Below is a clear breakdown of how this grace period works, when it applies, and what companies must do to qualify.
Belgium’s Royal Decree on B2B e-invoicing defines a system of administrative fines for companies that fail to:
send or receive structured electronic invoices,
use Peppol BIS 3.0 (UBL 2.1) as the required standard,
maintain the technical capability to process incoming e-invoices.
To ensure fair enforcement, especially for SMEs still finalising their technical setup, authorities introduced a safeguard: the second (and any subsequent) infraction may only be established at least three months after the previous one.
This rule has been widely interpreted — including by PwC, Deloitte Legal, and VAT-Consult Belgium — as a de facto 3-month grace period.
The grace period is not a blanket waiver and not a transition phase.
It is a mandatory delay between penalties, giving companies a realistic opportunity to fix their systems.
A company is audited or flagged as non-compliant.
Common examples include:
no ability to send/receive Peppol invoices,
ERP not yet generating valid UBL files,
integration with the provider still in progress.
The first violation can result in a fine (up to €1,500).
From that moment, the 3-month period begins.
During this time, tax authorities will not apply a second fine.
The company must prove “timely and reasonable steps” to comply, such as:
contractual agreements with an e-invoicing provider,
active Peppol onboarding,
ongoing implementation or testing,
clear evidence of project progress.
Only after 3 months may another violation be established and fined if the company still isn’t compliant.
This protects companies from repeated penalties while still enforcing the mandate.
The Belgian grace period is often misunderstood. It does not:
postpone the mandate,
allow invoices to be sent as PDF after 1 January 2026,
provide immunity from the first fine,
apply to general VAT obligations.
Belgium is explicit:
Companies that prepared on time must not be penalised by a global postponement.
The grace period primarily helps:
SMEs still integrating Peppol capabilities,
companies dependent on external providers,
groups rolling out multi-entity ERP changes,
organisations replacing outdated invoicing processes.

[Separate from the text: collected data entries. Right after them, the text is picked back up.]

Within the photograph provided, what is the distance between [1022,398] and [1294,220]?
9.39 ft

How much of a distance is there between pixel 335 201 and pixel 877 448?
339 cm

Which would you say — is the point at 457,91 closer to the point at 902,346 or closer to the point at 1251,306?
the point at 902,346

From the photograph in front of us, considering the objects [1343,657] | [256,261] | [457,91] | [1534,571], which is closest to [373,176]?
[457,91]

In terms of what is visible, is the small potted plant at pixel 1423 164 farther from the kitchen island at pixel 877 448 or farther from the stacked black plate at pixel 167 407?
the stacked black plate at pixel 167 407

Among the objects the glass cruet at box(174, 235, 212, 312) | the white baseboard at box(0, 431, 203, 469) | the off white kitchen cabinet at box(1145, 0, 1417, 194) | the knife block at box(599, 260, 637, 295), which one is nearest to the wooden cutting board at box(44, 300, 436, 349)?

These firms get a realistic window to fix issues after their first violation, without facing immediate cumulative penalties.
Belgium’s administrative fines for non-compliance with the new B2B e-invoicing rules:
€1,500 — first infraction
€3,000 — second infraction (but only after 3 months)
€5,000 — third and subsequent infractions
Thanks to the mandatory 3-month interval, companies have time to resolve technical issues before exposure to higher fines.
To ensure the grace period works in your favour:
Keep evidence of contracts, emails, integrations, and project milestones.
Choose a certified Access Point or solution provider.
Check support for Peppol BIS 3.0 / UBL 2.1.
Belgium remains committed to a hard go-live on 1 January 2026 for mandatory B2B e-invoicing. The newly acknowledged 3-month grace period is not a postponement but a fair enforcement buffer for companies that act proactively.
Businesses that can demonstrate clear progress will avoid repeated penalties — but the expectation is clear: every company must be technically ready to send and receive structured e-invoices in 2026.